Here are the tweets:
Obama: "The attacks on tourists and Easter worshippers in Sri Lanka are an attack on humanity. On a day devoted to love, redemption, and renewal, we pray for the victims and stand with the people of Sri Lanka."
Three hours later, Clinton tweeted: "On this holy weekend for many faiths, we must stand united against hatred and violence. I'm praying for everyone affected by today's horrific attacks on Easter worshippers and travelers in Sri Lanka."
As they both spelled "worshipers" the same idiosyncratic way and used the term "Easter worshippers," it is likely they either had the same writers or Clinton copied Obama.
Here's what's critical: Neither used the word "Christians." And in order to avoid doing so, they went so far as to make up a new term -- "Easter worshippers" -- heretofore unknown to any Christian.
When Jews were murdered at the Tree of Life synagogue in Pittsburgh, Clinton mentioned the synagogue in a tweet. But in her post-Sri Lanka tweet, despite the bombing of three churches filled with Christians, Clinton made no mention of church or churches.
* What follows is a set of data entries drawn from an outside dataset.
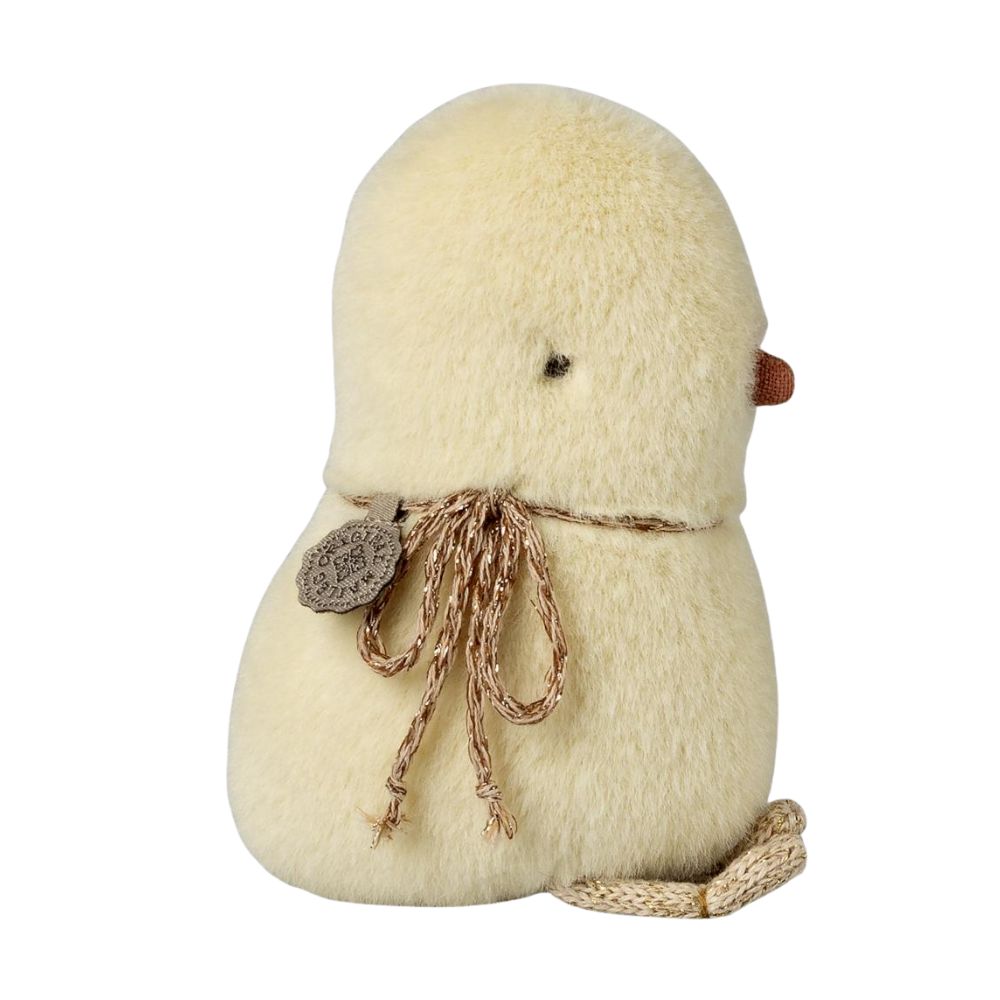 Plush toy resembling a bird with a tag on a white background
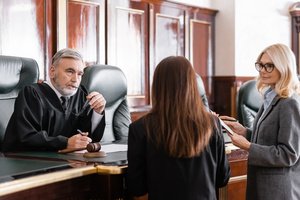 A female attorney representing her case against a male judge in the courtroom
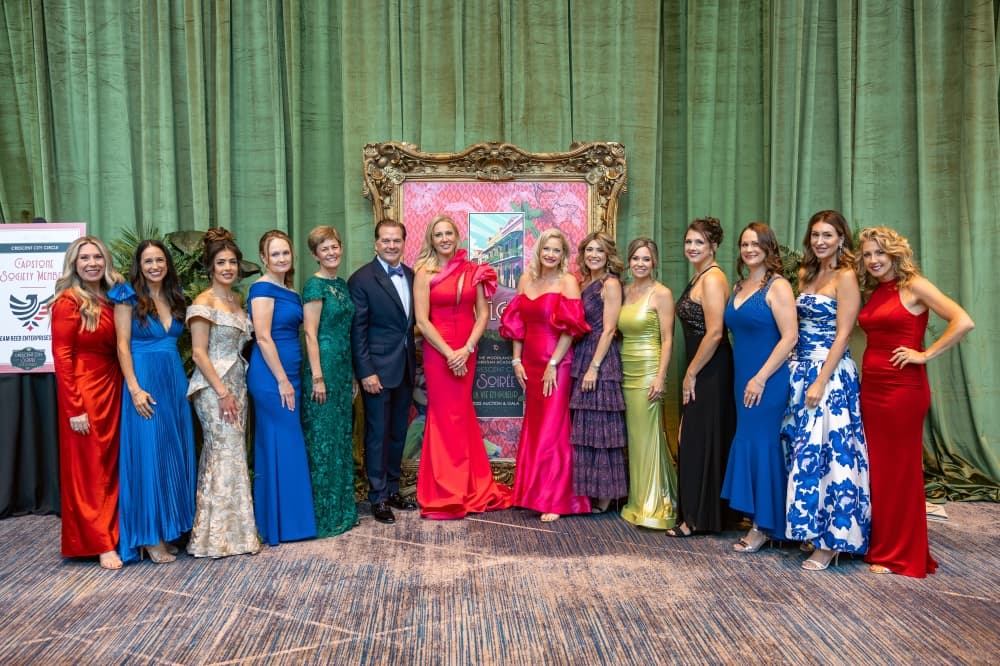 group of people lined up at gala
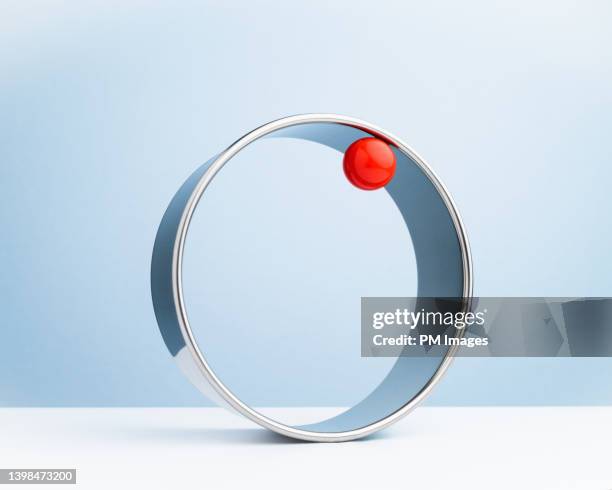 red ball riding metal ring - speed accuracy stock pictures, royalty-free photos & images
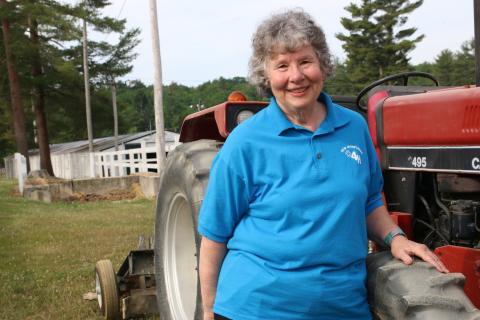 Former Rockingham County 4-H Extension Educator Lynn Garland poses next to a tractor. She is wearing a blue shirt and smiling at the camera.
In a tweet after the massacre of Muslims in New Zealand, she wrote that her heart broke for "the global Muslim community." But in her latest tweet, not a word about Christians or the global Christian community.
Obama similarly wrote in his tweet about New Zealand that he was grieving with "the Muslim community" over the "horrible massacre in the Mosques." But in his tweet about Sri Lanka, there is no mention of Christians or churches.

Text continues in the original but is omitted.